This post addresses some of the issues associated with the management of procedural audio assets.
With procedural audio gaining traction, there is a lot of talk about the models, the tools and the engines. We have been lucky enough at Tsugi to be involved in many procedural audio projects over the past few years. With our growing collection of patches and models, a new kind of problems – still rarely addressed – has arisen: the management of these procedural audio assets.
Good Digital Asset Management (DAM) is critical to streamline your workflow and ensure that you can continue to use your assets through technological changes. We review below some of the challenges we encountered when these assets are procedural audio models or patches. If you are also confronted to this kind of issues – or think you will be – feel free to contact us to learn more about the solutions we developed and see how we could help you.
In the following we refer to a model as a specific procedural audio algorithm and to a patch as a set of parameters associated with that model.
Searching for a patch
First, how do you look for a procedural audio patch?
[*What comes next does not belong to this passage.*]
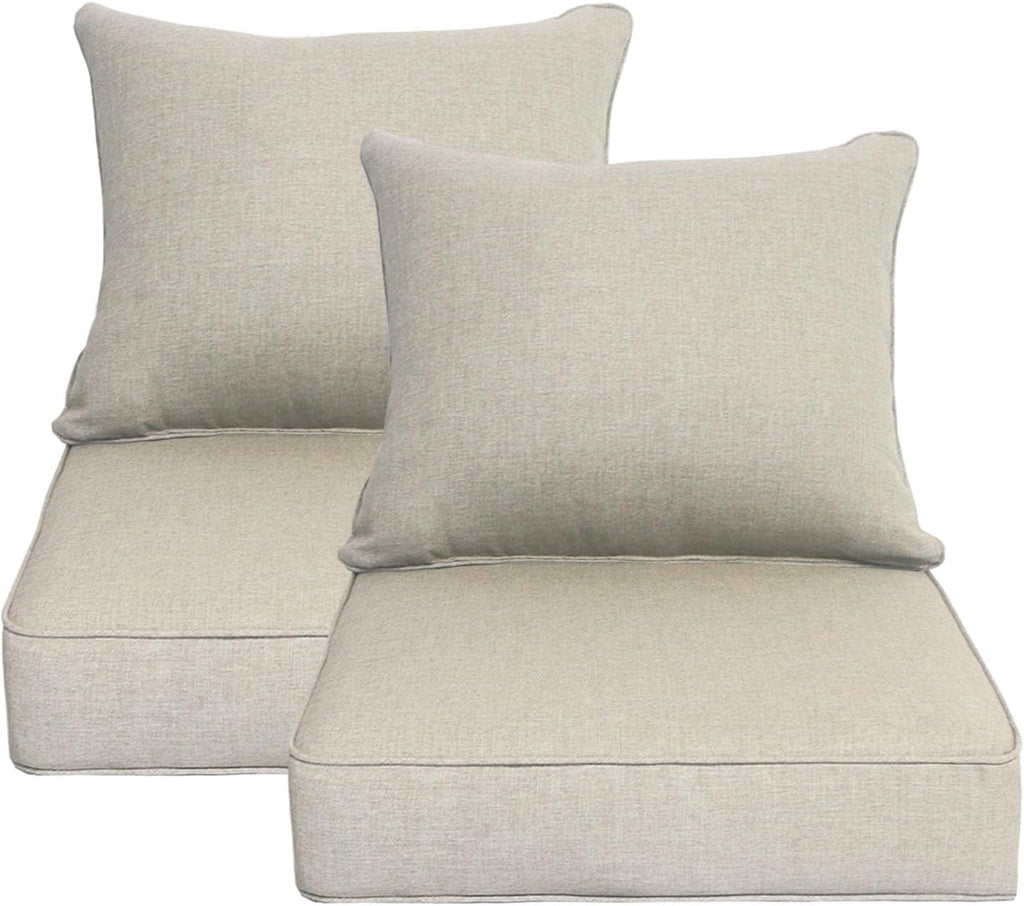 Outdoor 22x24 Inch Deep Seat Patio Cushion Set Outdoor Chair Cushions with Fade Resistant and Removable Cover for with Most Patio Furniture and homedepot Furniture Riverbed 2Sets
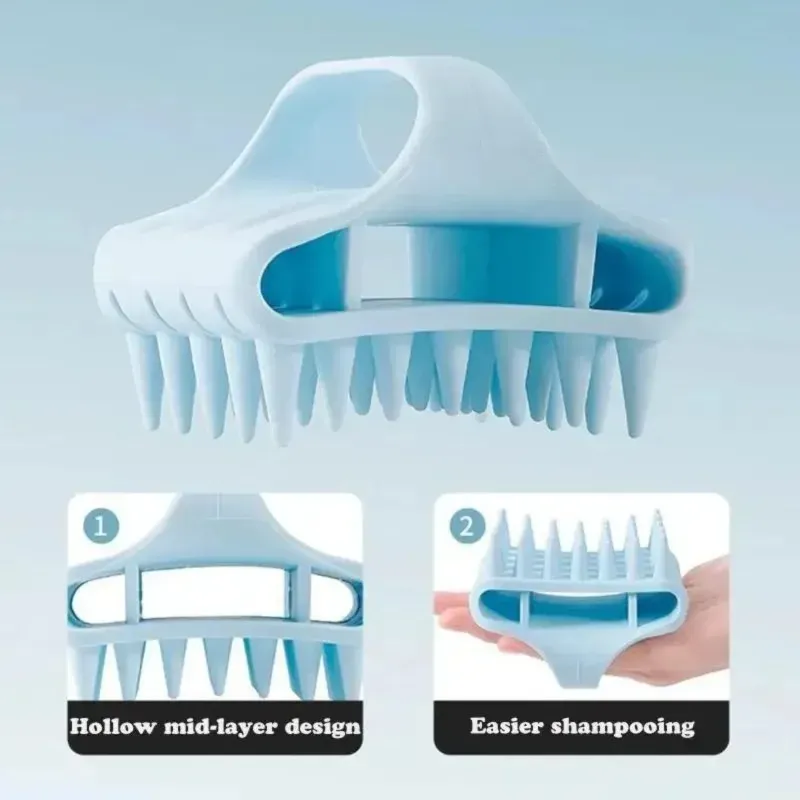 Peigne à shampoing en silicone pour massage du cuir chevelu 5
What is the equivalent of a sound database for patches? You could for example use a generic database that will allow you to attach the patch (usually a light file) as metadata. It becomes possible to associate tags and keywords to each patch, but this is both cumbersome and error-prone. Moreover, it may be more interesting to find a patch based on its audio properties, on the synthesis modules it uses, their parameters or their arrangement.
Paradoxically enough, some features for the future of real-time audio can be borrowed from old patch librarian software from the 90s, which were somehow similar since they were storing parameters for a sound synthesis algorithm rather than the sounds themselves, and provided ways to classify and find such patches.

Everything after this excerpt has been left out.